From minimalist modern to warm, rustic designs, belt-driven ceiling fans are always an interesting focal point for a room. But are they practical in today’s world?
Do they look natural or out of place in modern settings? Learn everything you need to know about belt-driven ceiling fans in this guide to decide if one is right for your space.
What Is a Belt-Driven Ceiling Fan?
Belt-driven ceiling fans, or pulley-driven fans, are turned by belts that grip the fan’s housing to turn the blades around. The belts that turn the fan blades are connected to a motor that is not attached to the fan housing.
Instead, the fan housing and blades are installed on the ceiling separately from the motor. Both the motor and the fan have flywheels that the belt wraps around. As the motor runs, the flywheel turns. This moves the belt, and in turn, the fan blades.
The fan housing and blades themselves look much like modern ceiling fans, but the extended belts and detached motor are unmistakable. It’s also part of their charm.
Direct Drive vs Belt-Driven Ceiling Fans
Today’s ceiling fans are not belt-driven. They are usually direct-drive ceiling fans. Instead of belts that turn the blades, they use a more complex electrical setup.

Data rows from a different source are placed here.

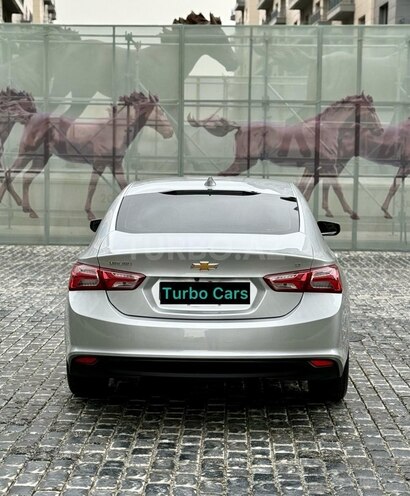 Chevrolet Malibu-9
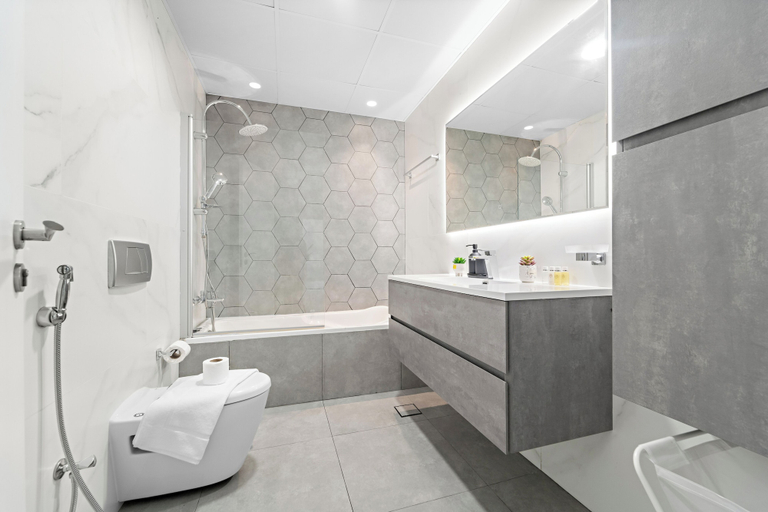 Bathroom 5, Silkhaus Marina Sail, Dubai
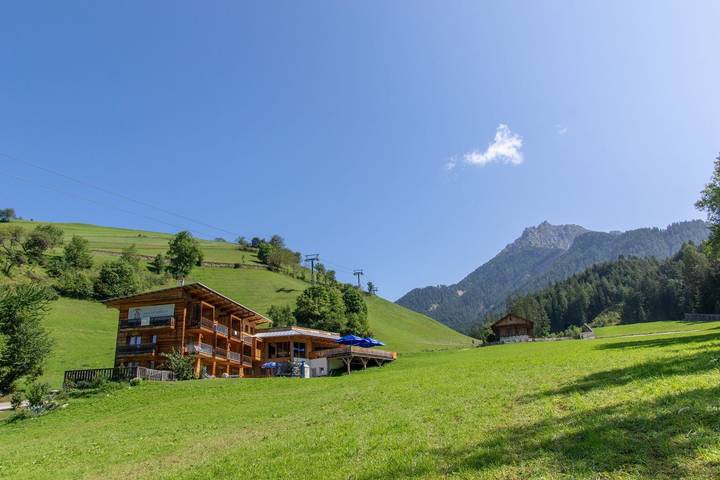 Hel lägenhet, Apartment "Le Table C" with Mountain View, Garden & Wi-Fi in San Vigilio di Marebbe, Enneberg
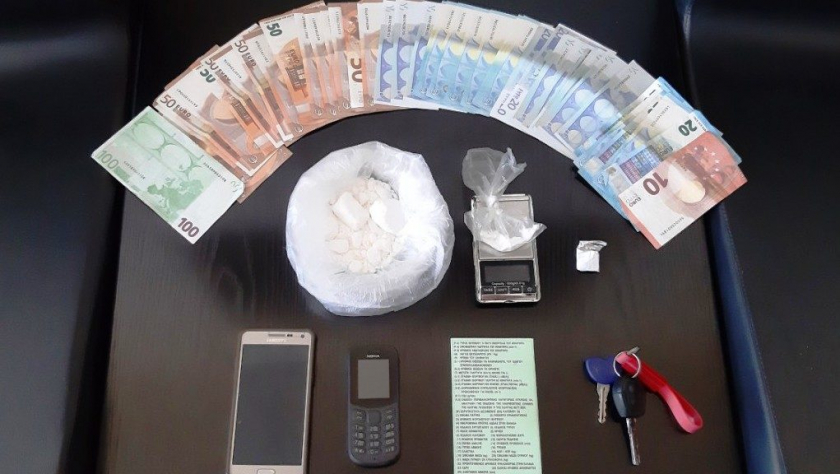 Συλλήψεις για ναρκωτικά στη Χώρα της Μυκόνου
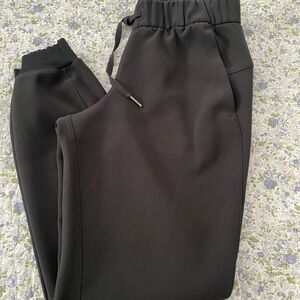 lululemon black elastic waist jogger pants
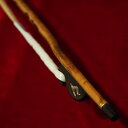 楽器の詳細 材　質 材質：湘妃竹 こちらは、中胡の演奏で本来使用する専用弓です。 中胡弓は、太い弦をしっかりと響かせるために、二胡弓と比較して竹は太く硬めで、長さが86cmと長めです。 　※お使いのモニタの発色具合によって実際のものと色が異なる場合がございます。 特　徴 ★この弓は、red Bridgeオーダー品です★ 　　弾力　　：　中胡弓としてやや柔らかめ（二胡弓より硬め太め） 　　弓の長さ：　中胡弓として標準の86cm 　　毛質　　：　最上級無漂白白馬雄毛 ※価格を少しでも低く設定するため、発送時は簡易包装（弓はビニル袋に入れ、プラスチック管に入れて発送）とさせていただいております。◆弊社は2020年3月に、王小迪精品弓工場（北京）より、日本直営店の指定を受けました。 ◆著名二胡弓製作家　王小迪先生の二胡弓です。 ◆こちらは、中胡の演奏で本来使用する専用弓です。 ◆中胡弓は、太い弦をしっかりと響かせるために、二胡弓と比較して竹は太く硬めで、長さが86cmと長めです。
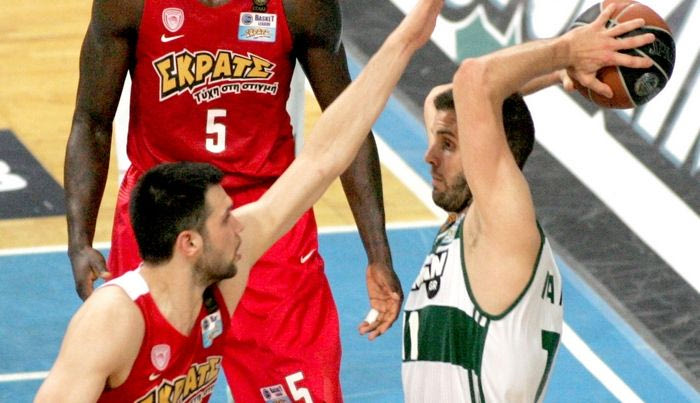 Το απίθανο κλέψιμο του Παππά στον Αγραβάνη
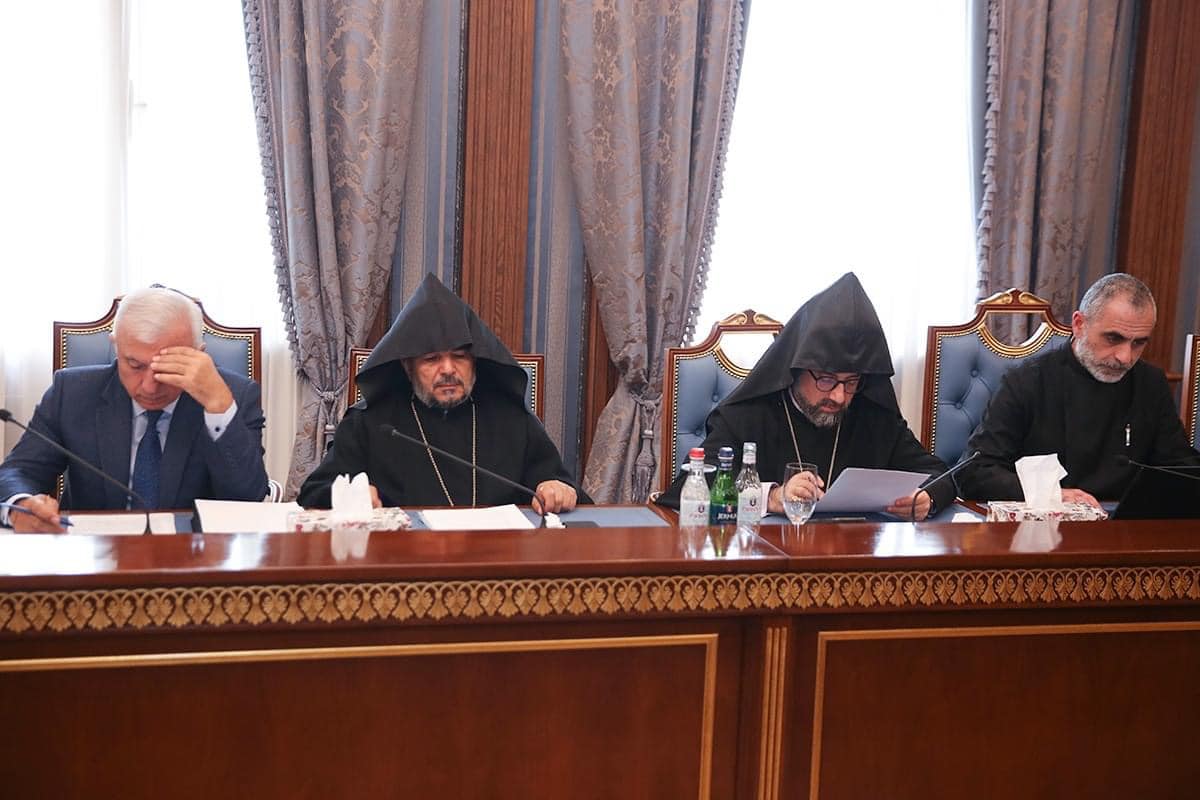 Մայր Աթոռ Սուրբ Էջմիածնում սկսվեց Գերագույն հոգևոր խորհրդի ժողովը (նկարներ) 20 GHK joghov avart 9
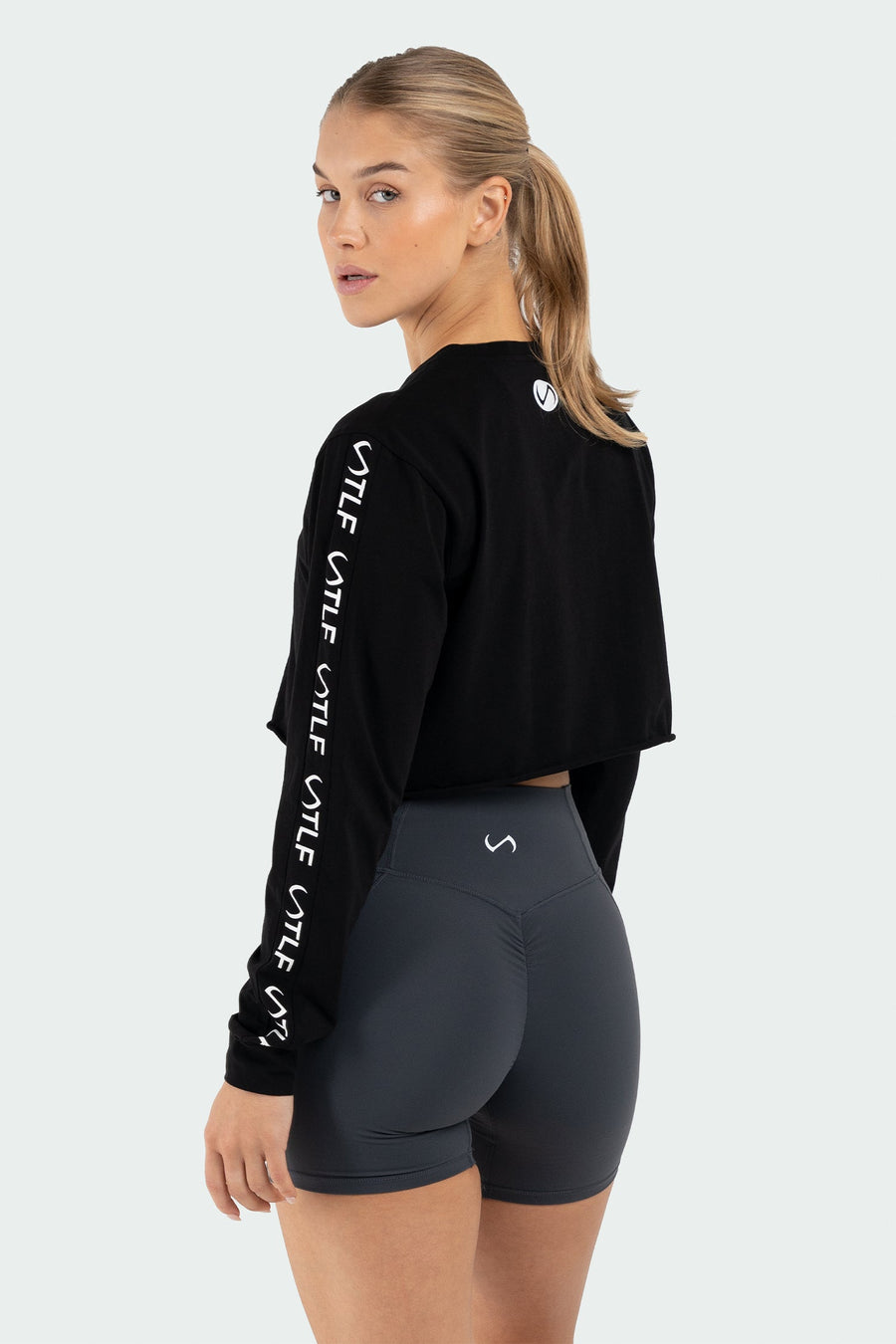 workout, Tops, Longsleeve Cropped Workout Top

The ceiling fan’s capacitor powers the electric motor, which takes electrical current from the capacitor into coils of wire wrapped around a metal part inside the fan.
As this happens, it creates a magnetic field that spins in a clockwise motion. The energy that started as electric turns into mechanical energy through this magnetic motion and forces the motor coils in the fan to start spinning.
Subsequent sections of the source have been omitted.